A high-level Parallel I/O Library for structured grid applications
19 stars 16 forks source link

Add direct reading capability for ADIOS IO type #544

Closed dqwu closed 8 months ago

dqwu commented 10 months ago

This enhancement is primarily authored by @dmitry-ganyushin (Dmitry Ganyushin, ADIOS developer), which enables E3SM runs to directly read restart files in ADIOS BP5 format, eliminating the need for BP to NC file conversion before restart runs.

Furthermore, we have incorporated additional code refinements, improved error handling, and addressed minor bugs in Dmitry's initial patch.

dqwu commented 10 months ago

[Two Known Limitations of ADIOS Read Support] 1) In order to read a distributed array, the decomposition map must precisely match the map utilized for writing that array.

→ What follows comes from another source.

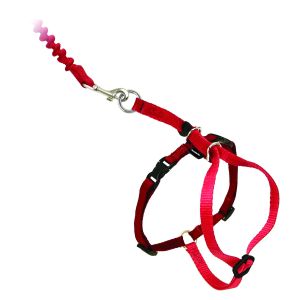 Easy™ walk 23-28 cm cat harness and leash, Red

This also requires that the restart run employs the same PE layout as the initial run.

For E3SM ne4 F case restart runs, we encounter some errors when attempting to read the restart file mpassi.rst.0001-01-02_00000.nc in ADIOS BP format. This arises from certain distributed arrays being written and subsequently read with differing decomposition maps.

A viable solution is to utilize NetCDF or PnetCDF types for writing and reading this category of restart files.

2) Currently, open-to-append mode is not supported for ADIOS type. If an E3SM restart run is configured to open an output history file in ADIOS BP format and append additional time steps to it, an error will be generated by SCORPIO.

Workaround 1: Adjust the configuration of restart runs to avoid open-to-append mode for specific history files.

Workaround 2: Opt for NetCDF or PnetCDF types for files that will undergo append operations.

dqwu commented 10 months ago

[Known Issues on E3SM/CIME Side] 1) In E3SM restart runs, it's necessary to create dummy XXX.nc files even when XXX.nc.bp files are already available. This workaround is crucial to successfully pass certain file existence checks on the E3SM/CIME side. Ideally, E3SM/CIME should be able to recognize these files in ADIOS BP format.

2) Some MPAS files are written and read with IO types specified in stream files, rather than in env_run.xml. Currently, we're still encountering problems when attempting to set ADIOS IO types in these stream files, resulting in the consistent use of the default PnetCDF type.

dqwu commented 9 months ago

Do we need qhashtbl* files? What is the copyright for this code (does it work with SCORPIO copyright)? Can we replace it with C++ maps?

Feedback from Dmitry:

On the website of this software qdecoder.org there is a statement that this is a BSD-like software. To my understanding we can freely use it. It is just a hash map which is used for missing caching feature in ADIOS. Once caching will be implemented in the new version of ADIOS (there is some activities going on in this direction) we can remove those files.

We can also switch to unordered_map in C++ STL as you have suggested.